I feel compelled to start this review by apologising to the Art Gallery of Western Australia (AGWA). Not the administrators, curators, or even the artists behind the hundreds of exhibitions I’ve attended – no, my remorse extends to the building, the demure hexagonal structure that’s entertained and educated visitors for 40 years. While I’ve long admired the twisting central staircase and pondered the honeycomb ceiling, I’ve largely ignored, and sometimes sneered at, the building design. Having just left the Perth Brutal: Dreaming in Concrete exhibition, I’m left with a newfound appreciation, pride, and dare I say, love for the building.
With much buzz about the museum upgrade around the corner, it’s timely to reflect on how this internationally acclaimed gallery came to be. Opened in 1979, this year marks the 40th anniversary of AGWA’s construction. Its birth was the result of a decade long push to relocate art works from the damp, un-airconditioned dungeon of the old gaol.
To celebrate, the gallery is holding a season of special exhibitions and events collectively named AGWA 40, of which Perth Brutal is the star.
Laid out in sequential order, Perth Brutal takes viewers from construction to completion through plans, design models, and early promotional brochures. The wide range of plans shown highlights the different visions for the building. Also included are images from one of Australia’s pre-eminent architectural photographers, Fritz Kos.
Robert Cook, AGWA Curator of 20th Century Arts, said, ‘Kos wasn’t just documenting the construction, he had a distinct aesthetic and a dramatic perspective on things, so his images helped bring the building alive as an entity and as a sculpture.’
Art Gallery of Western Australia in 1979. Image: Fritz Kos, sourced from the State Library of Western Australia.
Six things stood out for me:
It was fascinating to view earlier plans that had the gallery located in the Government House gardens. Equally interesting was the reminder of the many years spent arguing about sinking the Northbridge rail line, something we take for granted today. Tired of waiting for a decision to be made about the rail line, and with a strong desire to ensure the gallery was linked to the city, the designers surged ahead, solving the problem by including a walkway over the tracks. One design suggested the gallery would include a pedestrian walk through with art displayed on either side, effectively creating a 24-hour exhibition space. What a shame this iteration got lost along the way.
Dotted throughout the exhibition is a handful of quotes, one of which outlines the mindset behind the raw, undecorated concrete appearance of the building, a design style known as Brutalism.
‘Be very careful in accepting design suggestions. The main purpose of our work is to create a suitable environment for enticing visitors to the works of art.
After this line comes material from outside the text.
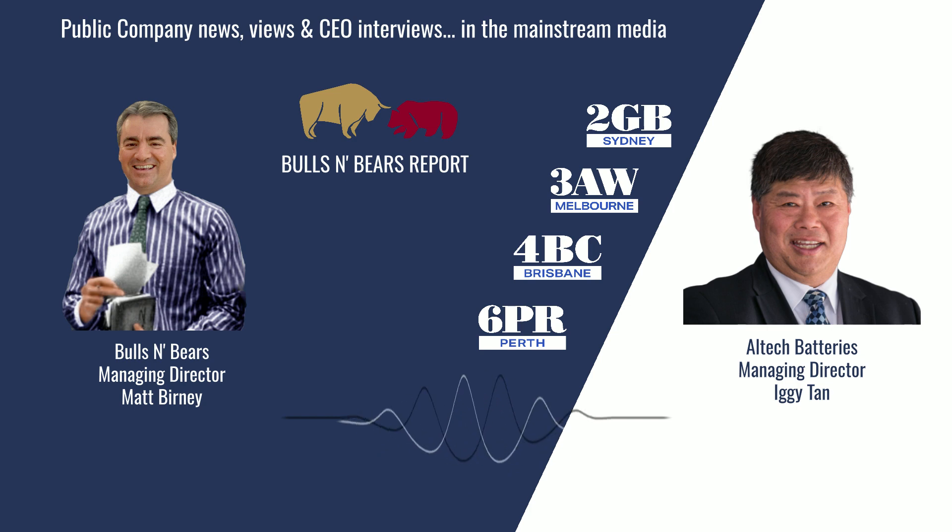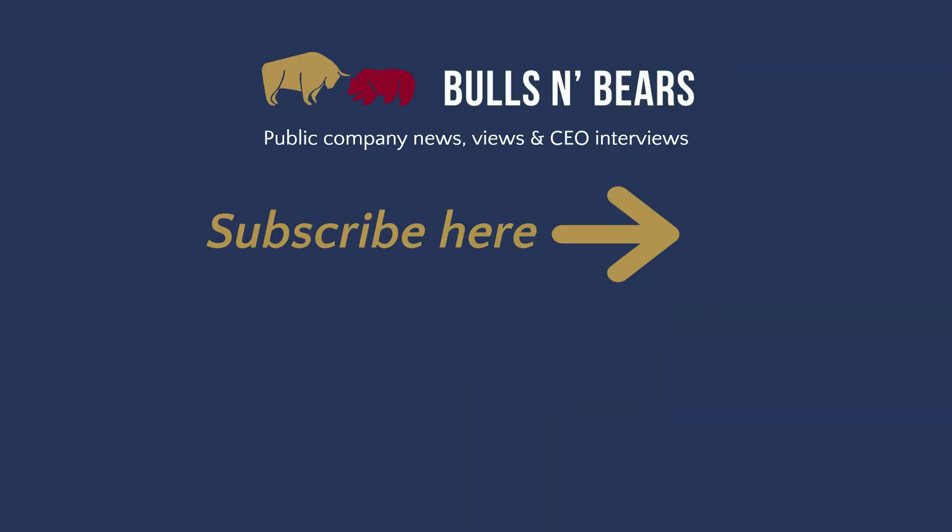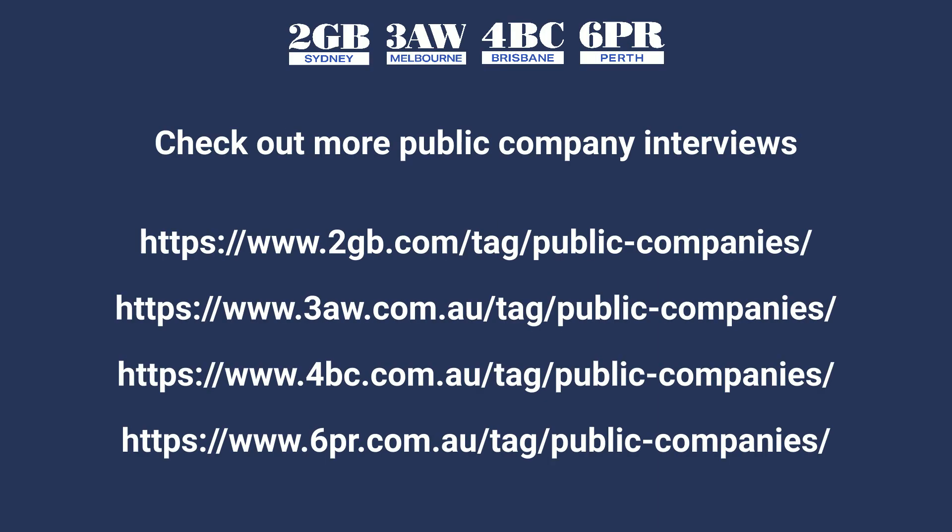Iggy Tan from Alltech Batteries, thanks for joining me on Bulls and Bears. And remember, we're only here to give you information, not advice, which you should of course seek independently. I'm Matt Burney and this is Bulls and Bears. For more public company interviews, go to the Money page on the 6PR, 2GB, 3AW and 4BC websites and click the Public Companies tab.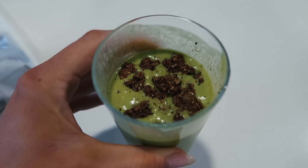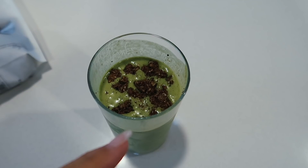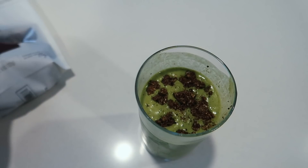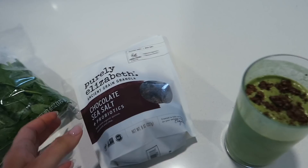Good morning, welcome to Vlogmas day six! I just made a green smoothie — I was already drinking out of it so it doesn't look as pretty. I put a bunch of spinach in, which is why it's so green, but there's also peanut butter and banana in there. I threw some chocolate granola on top — Pearly Elizabeth chocolate sea salt — and it's so good. The green is kind of throwing me off too, but it doesn't taste like spinach at all.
It is not the purpose of the building to compete with works which it shelters. Many examples from overseas prove the point that monuments for directors or architects are not necessarily the good galleries,’ said Tadeusz Andrzejaczek, Executive Architect, P.W.D, Perth WA.
Image: The Art Gallery of Western Australia Opening Brochure, 1979.
The brainchild of Polish designer Charles Sierakowski is the gallery’s hexagonal plan. As a result, visitors can be in one space and spy something intriguing in another. That explains why I’ve often found myself wandering into an adjoining exhibition that I wouldn’t have purposely gone to.
Melissa Harpley, curator of 19th-century art at AGWA, said, ‘The radical new layout, with no 90-degree angles in the exhibition spaces, continues to provide a wonderful canvas for curators to work with. The emphasis really is about transforming the viewing experience and the flow of movement through interconnected gallery spaces.’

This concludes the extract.